* [Your assignment]: Beginning at the top of the entries below, retype each line exactly until the line containing "5001 Springview Road" has been written out; include no pictures and no later lines.
>>>>
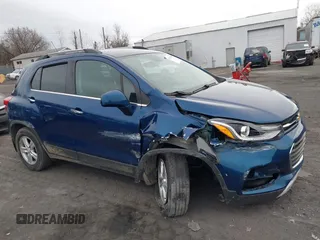 2019 Chevrolet Trax LT with VIN 3GNCJPSB8KL305731, listed as a IAAI auction lot 41953636 with 99,983 mi miles. Bid and sale history available at carsss.com. Image 6.
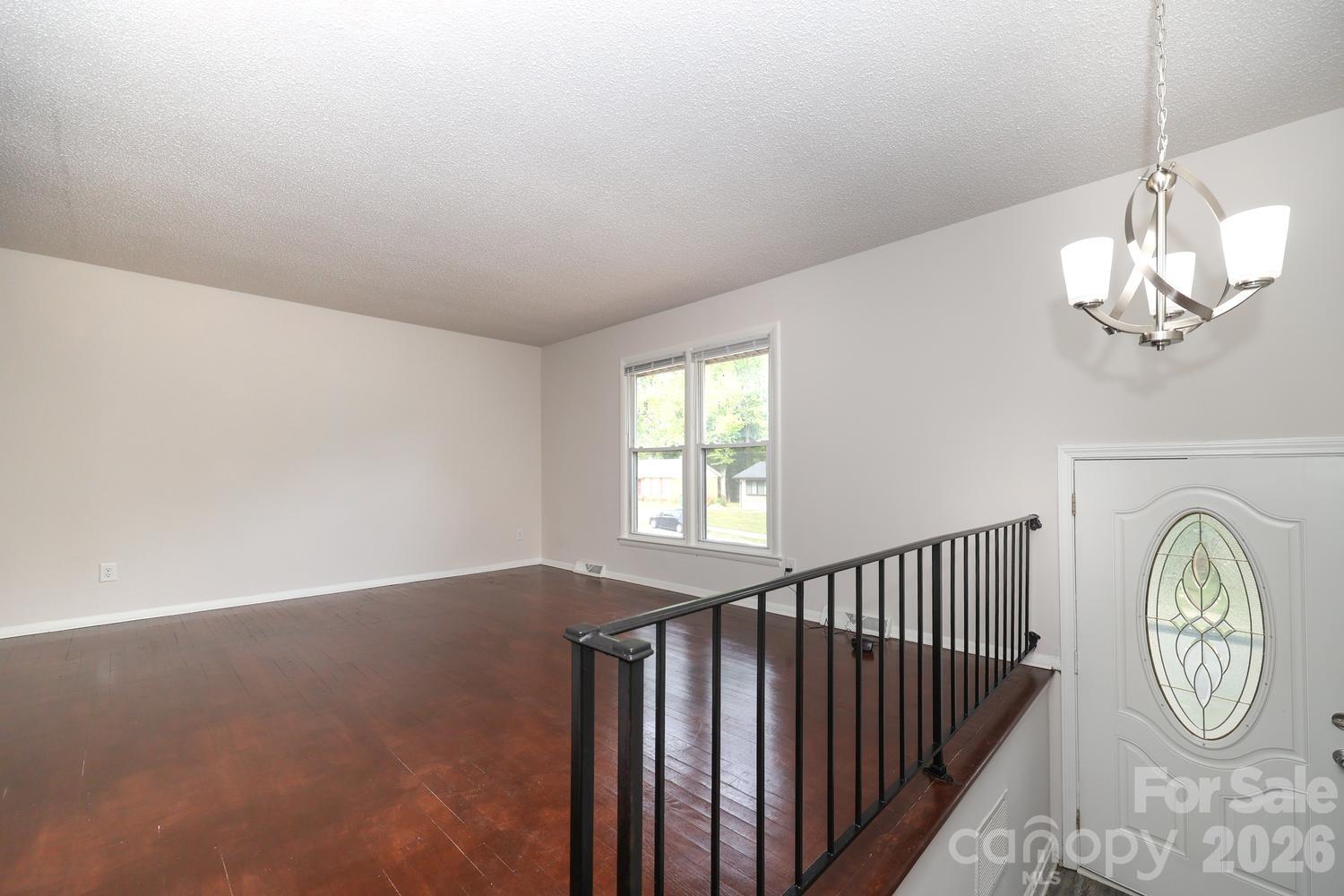 5001 Springview Road Charlotte, NC 28213 - Photo 2 of 30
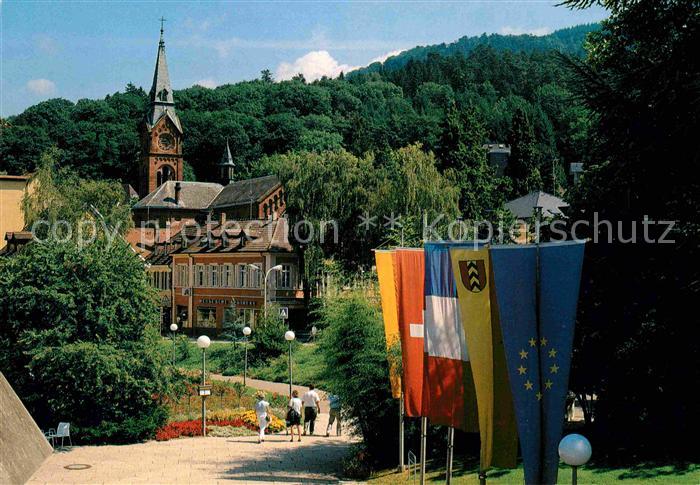 BADENWEILER BW Fahnen Kurpark Kirche Thermalkurort im Schwarzwald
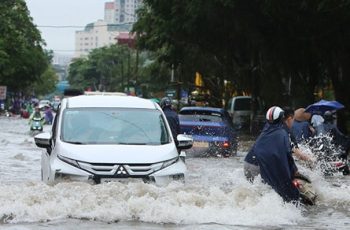 Biển Đông khả năng sắp đón bão gây mưa lớn xối xả ở miền Bắc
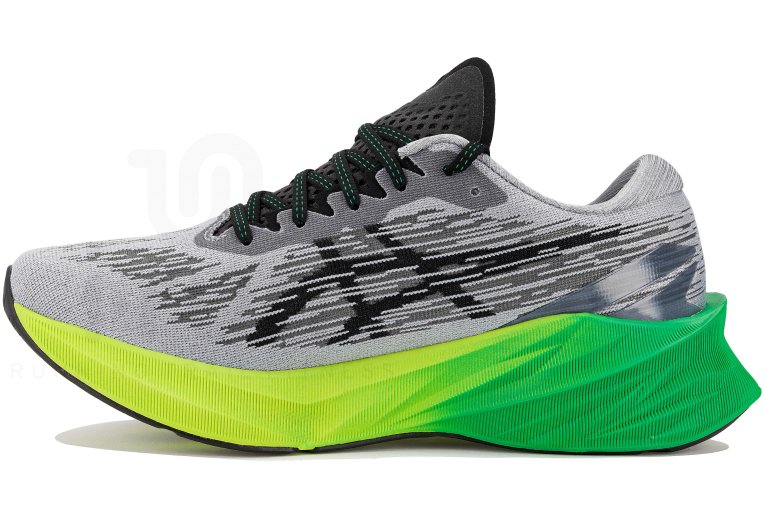 Asics Novablast 3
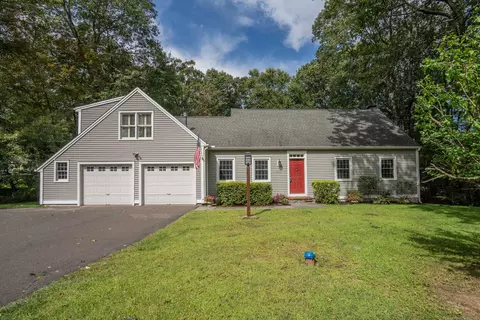 12 Ridge Rd, Burlington, CT 06013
<<<<
* [Result of the exercise]:
 2019 Chevrolet Trax LT with VIN 3GNCJPSB8KL305731, listed as a IAAI auction lot 41953636 with 99,983 mi miles. Bid and sale history available at carsss.com. Image 6.
 5001 Springview Road Charlotte, NC 28213 - Photo 2 of 30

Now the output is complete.